From a critically rigorous and poetically attuned perspective, the event constitutes a space for reflection on the forms in which female artists and thinkers have intervened in, expanded or subverted the codes of surrealism, often conceived from a masculine perspective. Debate participants will consider questions such as the construction of the body and desire, feminine authorship within the avant-garde and the relationship between cinema, dreams and symbolic liberation.

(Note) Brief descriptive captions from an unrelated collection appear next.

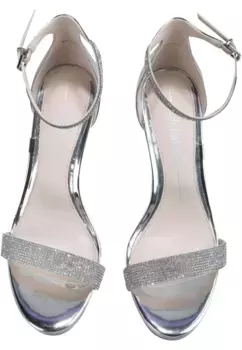 Ботинки на высоком каблуке Buffalo " Buffalo Ladies Buffalo Monroe 2 Vegan Patent", серебристый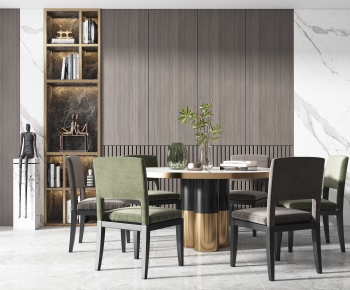 Modern Dining Table And Chairs-ID:510445654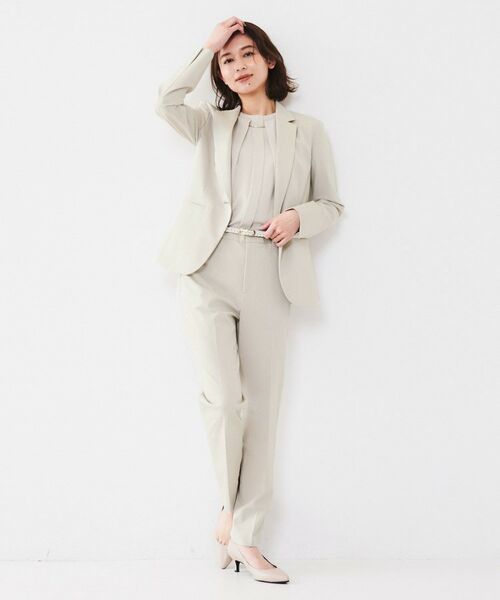 UNTITLED / アンタイトル テーラードジャケット | 【通勤スーツ】コットン混ジャージ テーラードジャケット | 詳細17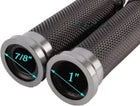 Manopole Manubrio Universali Moto Scooter in Alluminio CNC, 22mm-24mm, Titanio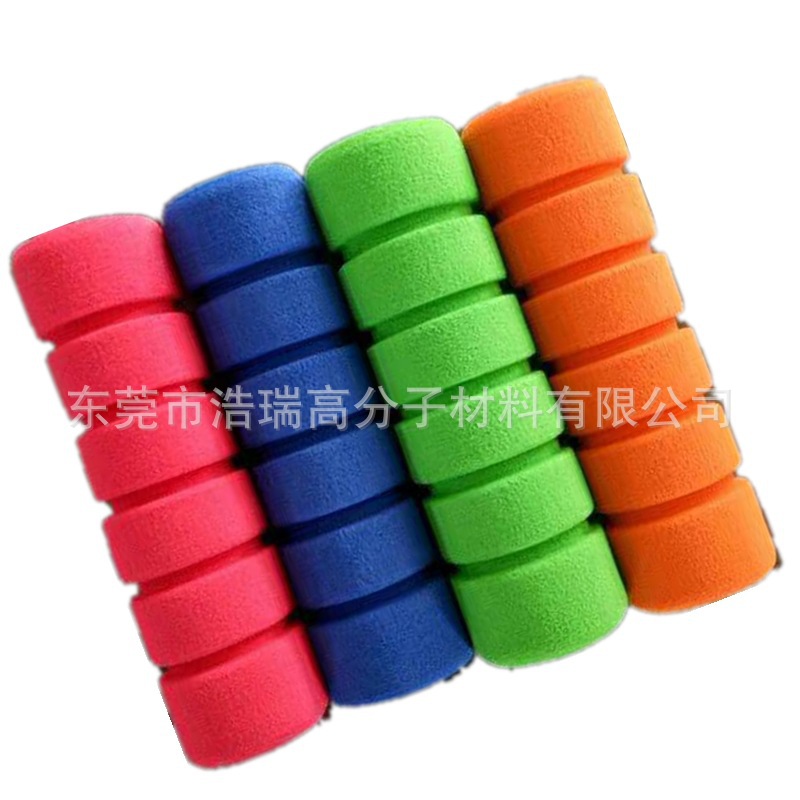 单双色NBR橡塑泡海绵套管 运动器材手柄套健身车跑步车手把套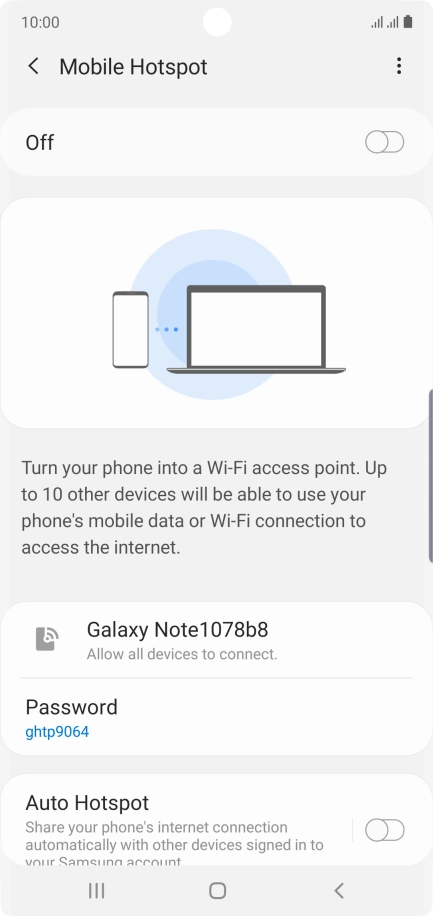 Press the menu icon.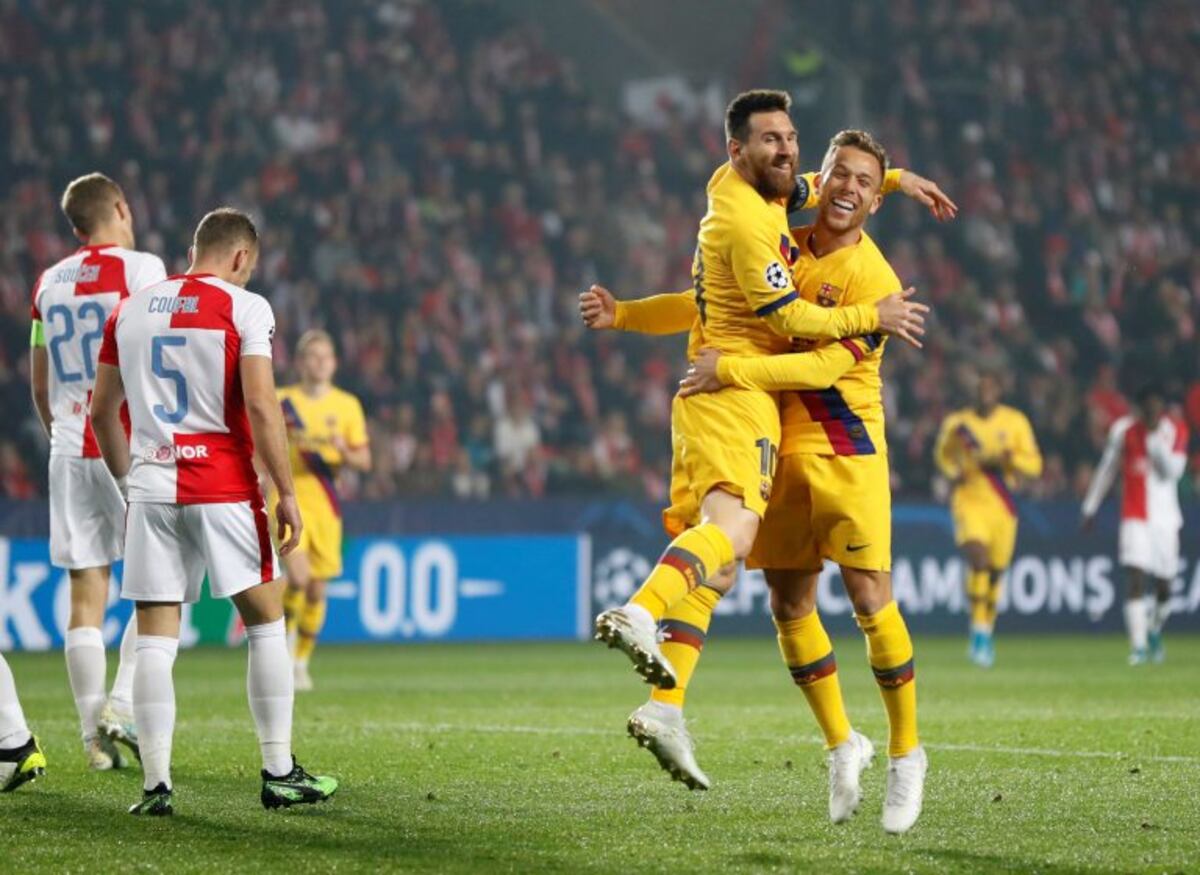 Champions League: Barcelona venció 2-1 a Slavia Praga con un gol de Lionel Messi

“The Rebellious Image: Germaine Dulac and the Feminine Imagination in Surrealism” is an invitation to rethink avant-garde narratives on the basis of gesture, symbolism and rupture, while likewise paying attention to how an avant-garde movement that was able to transform the invisible into image and desire in language, might resonate in our day.

 

PROGRAMME

 

6 pm. Presentation of the session, by the Museu Tàpies

6.10 pm. Tami Williams, “Germaine Dulac and Long Impressionist Cinema”

6.40 pm. Julia Ramírez Blanco, “Poetics of the Anti-Fascist Body”

7.10 pm. Elena Castro Córdoba, “Dance, Images, Dance!”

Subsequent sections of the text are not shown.